* [Information provided]
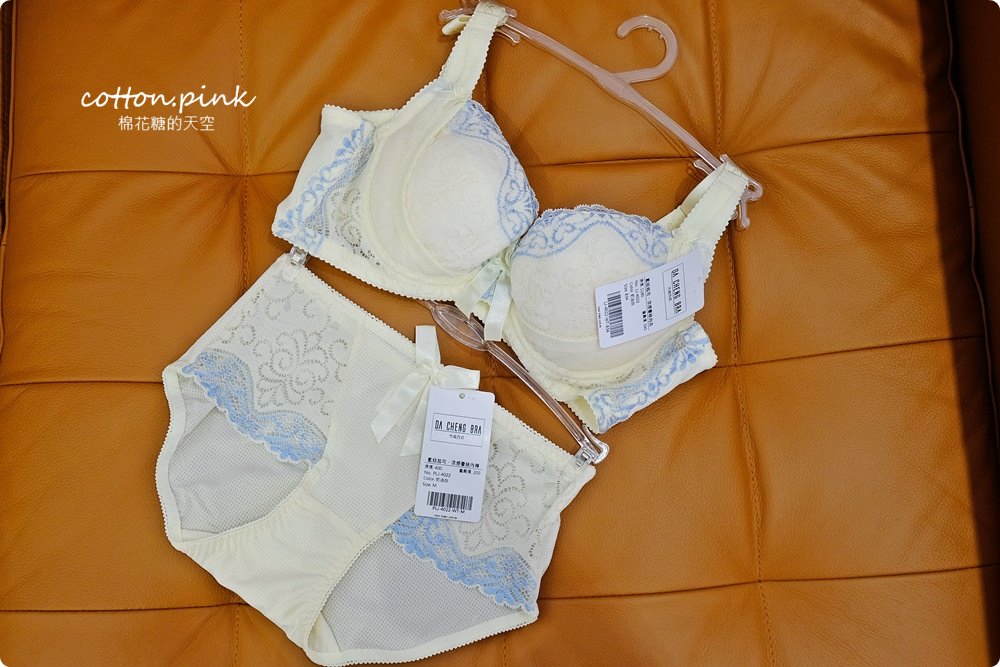 台中老牌大成內衣逢甲夜市開分店啦！香港女孩兒必買就是這一套！六色通通帶回家……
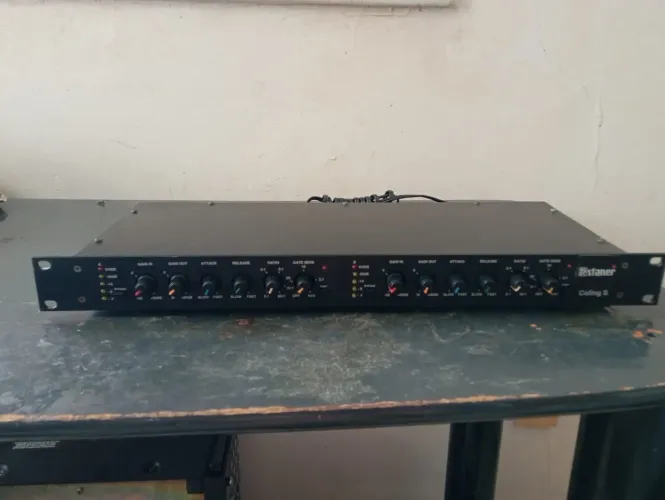 Compressor de Áudio Staner Coling S - 110/220V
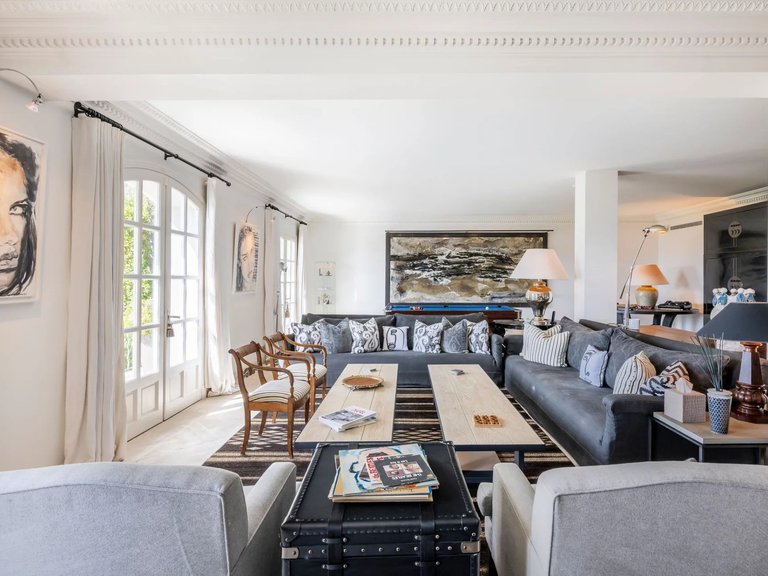 Villa for Sale in Cannes, Cannes Area 15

* [Exercise goal]
Since the pictures are not wanted, write out the rest of the data exactly as it reads.

* [Solution below]
 台中老牌大成內衣逢甲夜市開分店啦！香港女孩兒必買就是這一套！六色通通帶回家……
 Compressor de Áudio Staner Coling S - 110/220V
 Villa for Sale in Cannes, Cannes Area 15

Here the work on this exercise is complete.